Actually, indeed, does cycle number even matter? If I have 1000+ cycle numbers of my ‘hist1nb’ histogram and I open the file that has them in ROOT interactively and type:
root> hist1nb->Draw();
will it actually give me a plot that is the sum all ALL those cycles? Or will I only get one of them? (I’m doing a test right now to see if that works)

Cheers and thanks!

Have you run the “MakeClass” on the TChain (mandatory in your case) or on a single TTree (will create a misbehaving class in your case)?

In order to do it correctly for a TChain, in an interactive ROOT session, try something like this:

TChain *t = new TChain("TTreeName");
t->AddFile("SomeFileName.root"); // (at least) one file (is sufficient)
t->LoadTree(0); // just the very first entry
t->MakeClass("NewClassName");
delete t; // cleanup

In principle, the “NewClassName::Loop()” method could look like this:

void NewClassName::Loop()
{
  if (fChain == 0) return; // just a precaution

  TFile *fout = TFile::Open("output_file.root", "recreate");
  if (fout) fout->cd(); // all new histograms will be connected to "fout"
  // ... create / book / initialize all histograms here ...

  Long64_t nentries = fChain->GetEntriesFast();

  Long64_t nbytes = 0, nb = 0;
  for (Long64_t jentry = 0; jentry < nentries; jentry++) {
    Long64_t ientry = LoadTree(jentry);
    if (ientry < 0) break;
    nb = fChain->GetEntry(jentry); nbytes += nb;
    // if (Cut(ientry) < 0) continue;
    // ... fill all histograms with the current "jentry" data here ...
  }

  if (fout) fout->Write(); // save all histograms
  delete fout; // automatically deletes all histograms, too
  fout = 0; // just a precaution
}

See also:

1 Like

I think I might see my problem??
In this code example, where would you have booked (initialized) the histograms?
Would this have been done in the *.h file? And if so, in which method within the *.h file?

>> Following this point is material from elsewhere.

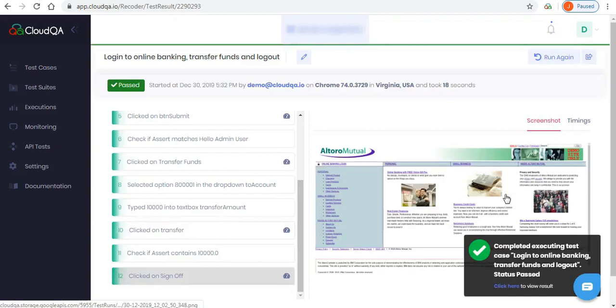Hope you found this video useful in creating your first test. If you have any questions on how to use CloudQA, please send us an email at info at cloudqa.io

I’ve been booking my histograms inside the Loop() method and just prior to the line

if (fChain == 0) return;

Oh and also, to answer your first question. (this is in ROOT version 6.14 by the way)
I really don’t know how to answer it.
All I do is attach one of the files to an interactive ROOT session
So at the linux command line:
% root <filename.root>

Then when I get the ROOT prompt I just typed in:

root> _file0->ls()

root> TTreeName->MakeClass(“NewClassName”);

And It makes NewClassName.h and NewClassName.C for me.
I have to put in

#include <TSystem.h>

in NewClassName.h to get it to work…but then the ‘Loop()’ framework and all the variable names that were in the TTree in the original file are available automatically.

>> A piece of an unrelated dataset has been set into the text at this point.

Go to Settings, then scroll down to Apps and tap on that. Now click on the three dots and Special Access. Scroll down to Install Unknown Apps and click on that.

I do not know if this procedure is thee same as "…run MakeClass on the TChain … " or not.

Thanks! I will give this a go.

but where should I create the histograms?
Is it correct to do it in the Loop() method right at the top?

Or should I initialize (or create) them somewhere else?

Ah…sorry, missed that earlier. Thanks very much for your help! I’m trying it all out now.

I wanted to add something I discovered using your method above.
Have you ever looked at the value you get for nentries once one has run the line:

Long64_t nentries = fChain->GetEntriesFast();

??
When I look at that number it is huge, and unrelated to the input Chain size.
I notice that GetEntriesFast() is not actually implemented in TChain but it is instead inherited from TTree. When using a TChain this method doesn’t seem to return the correct number.
However by simply using:

Long64_t nentries = fChain->GetEntries();

instead it now fills nentries with the correct integer which is the total number of entries in the whole TChain.

As I said, this is version 6.14 of ROOT, but if GetEntriesFast() isn’t implemented in TChain in the latest version of ROOT maybe it should be considered? Otherwise the Loop() method is terminating upon an error that shows up in ientry rather than terminating normally.

This aside is unrelated to my original problem.
I am still having the original trouble here but I now think it has to do with a small number of corrupt input files. Still investigating.

The “fChain->GetEntriesFast()” (returning TTree::kMaxEntries) and then break the loop on “LoadTree(jentry) < 0” logic is exactly what you should use.